Developing a Relationship Between Adoptive Parents and Birth Moms
When I first contacted Jared and Rebecca about placing Bryce with them, I honestly didn’t know where to start. I felt like I had so many questions, but what questions were the right ones to ask? How do I start a conversation with someone who could potentially be in my life forever? And I am sure on the flip side of that, adoptive parents feel the same way, wondering what to say and what questions to ask a potential birth mother.
Developing a relationship with Bryce’s parents for me was just like any other relationship. We are all humans, we all have likes and dis-likes, and we all have feelings and fear just as much as the next person. What really helped me get to know them, was the ability to e-mail and just ask silly questions that weren’t deep, but that were fun and helped me realize that they were just as normal and human as I was. We asked questions about music, hobbies, sports teams, work, and favorite foods. Things that didn’t really matter in the long run but really meant a lot as we were able to be comfortable around each other.
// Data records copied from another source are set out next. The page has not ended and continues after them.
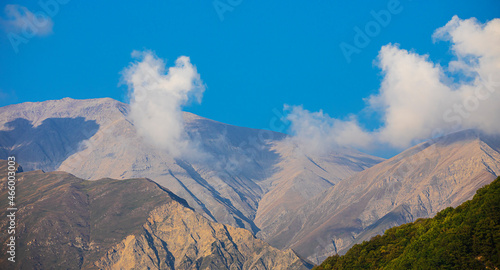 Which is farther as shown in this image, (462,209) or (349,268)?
(349,268)

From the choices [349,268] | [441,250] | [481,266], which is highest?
[349,268]

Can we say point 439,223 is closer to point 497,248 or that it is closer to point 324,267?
point 497,248

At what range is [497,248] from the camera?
295 ft

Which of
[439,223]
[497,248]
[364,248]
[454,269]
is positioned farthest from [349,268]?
[497,248]

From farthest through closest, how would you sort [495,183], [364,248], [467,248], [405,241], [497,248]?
[364,248] < [405,241] < [495,183] < [467,248] < [497,248]

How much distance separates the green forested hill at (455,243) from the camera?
93.2 m

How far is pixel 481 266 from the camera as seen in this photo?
92.0 metres

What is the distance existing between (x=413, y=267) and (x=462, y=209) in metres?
20.6

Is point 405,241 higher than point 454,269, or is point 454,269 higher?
point 405,241

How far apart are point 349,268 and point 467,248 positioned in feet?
118

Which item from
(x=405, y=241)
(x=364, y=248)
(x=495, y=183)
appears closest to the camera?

Later on, we asked more questions that did have more substantial meaning, like how life was for them growing up, how open they wanted the adoption to be, how open I wanted the adoption to be, how my life was growing up, and what our families were like. Asking all of those questions, and I am sure countless more, helped us be able to develop a really good relationship.
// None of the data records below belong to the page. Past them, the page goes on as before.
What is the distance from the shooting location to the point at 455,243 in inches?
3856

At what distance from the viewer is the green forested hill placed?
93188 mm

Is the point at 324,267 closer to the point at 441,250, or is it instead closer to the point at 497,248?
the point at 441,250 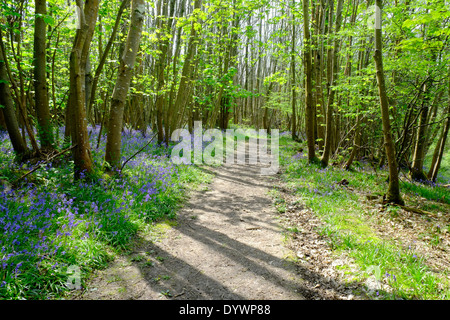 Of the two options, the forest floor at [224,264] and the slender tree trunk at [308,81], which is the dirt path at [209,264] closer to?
the forest floor at [224,264]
Just like any other relationship you have, you both have to work on it to make it work. Rebecca and Jared aren’t mind readers they have no idea when I am having a hard day, they have no clue when I just am feeling a little empty and would love to hear about Bryce, but because of the relationship that we have made with each other, I know that I can just text either of them, and a picture or phone call will come soon and make my day easier to get through.
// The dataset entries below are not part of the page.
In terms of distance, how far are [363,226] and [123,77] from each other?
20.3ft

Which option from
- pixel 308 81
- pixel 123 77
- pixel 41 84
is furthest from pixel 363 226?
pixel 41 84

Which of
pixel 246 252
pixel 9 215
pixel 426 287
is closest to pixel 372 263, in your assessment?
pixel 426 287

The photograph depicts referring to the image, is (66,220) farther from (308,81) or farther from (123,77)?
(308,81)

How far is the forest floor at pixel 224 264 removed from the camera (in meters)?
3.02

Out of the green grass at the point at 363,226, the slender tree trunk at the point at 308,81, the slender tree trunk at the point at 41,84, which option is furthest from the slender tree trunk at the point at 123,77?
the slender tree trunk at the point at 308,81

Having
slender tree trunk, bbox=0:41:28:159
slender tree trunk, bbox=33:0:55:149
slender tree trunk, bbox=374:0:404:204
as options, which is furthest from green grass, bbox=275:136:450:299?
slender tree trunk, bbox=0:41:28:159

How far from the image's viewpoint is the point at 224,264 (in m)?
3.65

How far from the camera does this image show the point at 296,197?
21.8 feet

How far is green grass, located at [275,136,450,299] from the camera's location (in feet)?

Not every relationship is the same, and not every adoption is going to be the same. It is easy to compare other people’s relationships and wonder why my relationship isn’t like that. Why doesn’t my adoptive couple do that? Your relationship is what matters the most not what others are doing; if you need more from them, just tell them. Having open and honest communication is such a huge part of adoption. Realize no one is perfect, and no one can read your mind. You have to talk and you have to listen in order for any relationship to work.
I am so grateful for the relationship I have with Jared and Rebecca. I am grateful to have them not only as Bryce’s parents but also as a part of my family. They are truly my friends, and I am grateful to know that I can talk to them openly. I am grateful for the trust and respect we have for each other. I am thankful for our open adoption, it has truly blessed my life.